ABSTRACT

This chapter will consider the work of five post-1945 British and North American women writers whose work has generally been received in terms of an orthodox 'liberal' critical reading. Certainly the work of Margaret Drabble, Anita Brookner, Sylvia Plath, and Ann Tyler has been read as formally unadventurous, eschewing the narrative experiment of postmodernist fiction and espousing a broadly realist aesthetic. (The work of Grace Paley has been either ignored or assimilated to a 'liberal' reading.) In my view, this reading has ignored their significant, though often unobtrusive, formal innovations (no fabulatory fireworks here), and their contribution to a political and psychoanalytic understanding of gender and subjectivity. They are, by no means, all declared feminists. Brookner has explicitly distanced herself from feminist politics and declared that her aesthetic ideal is one of Enlightenment rationalism, yet her work is similar to Woolf's in its perception of the relational basis of identity and its portrayal of her women characters' obsessive need for and fear of connection. Woolf observed that 'women have seemed all the centuries as looking glasses possessing the magic and delicious power of reflecting the figure of man at twice its normal size' (A Room of One's Own, p. 35). Brookner's women function very much as looking-glasses, while longing, at the same time, to cry out, passionately and unrestrainedly: 'Look at me!' Their moral strengths function as weakness in the patriarchal, consumerist, and acquisitive world of the post19608, and they themselves internalize this disparaging view of their qualities, resulting in a perpetually low self-esteem.

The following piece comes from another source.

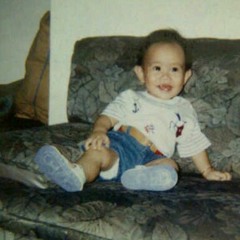 Tangan Yang Berbicara Check It... :D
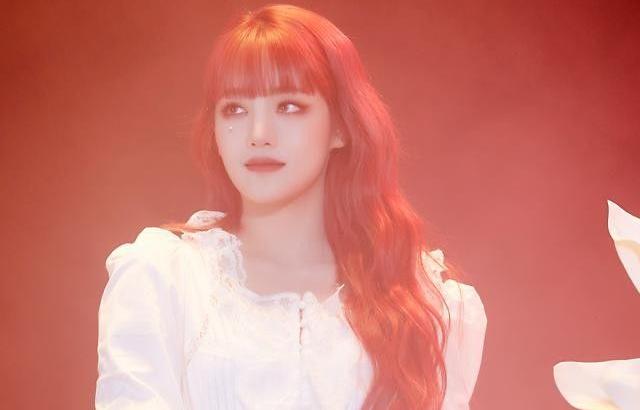 여자아이들 민니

As Jean Baker Miller argues: 'Dominants are usually convinced that the

way things are is right and good, not only for them but especially for the subordinates. All morality confirms this view, and all social structure sustains it' (J.B. Miller 1983, p. 9). Like Mrs Ramsay and Clarissa Dalloway, Brookner's characters are compelled to resolve their ego boundary confusion through repressive or self-destructive patterns of behaviour. Similarly also, their actions often imitate the aesthetic options open to their author, as art and literature are explored as possible routes to imaginary wholeness. Unlike Woolf, however, Brookner seems to imply that their fate, like their identity, is sealed and fixed, and only resignation or neurosis are offered as ways of dealing with this 'truth'.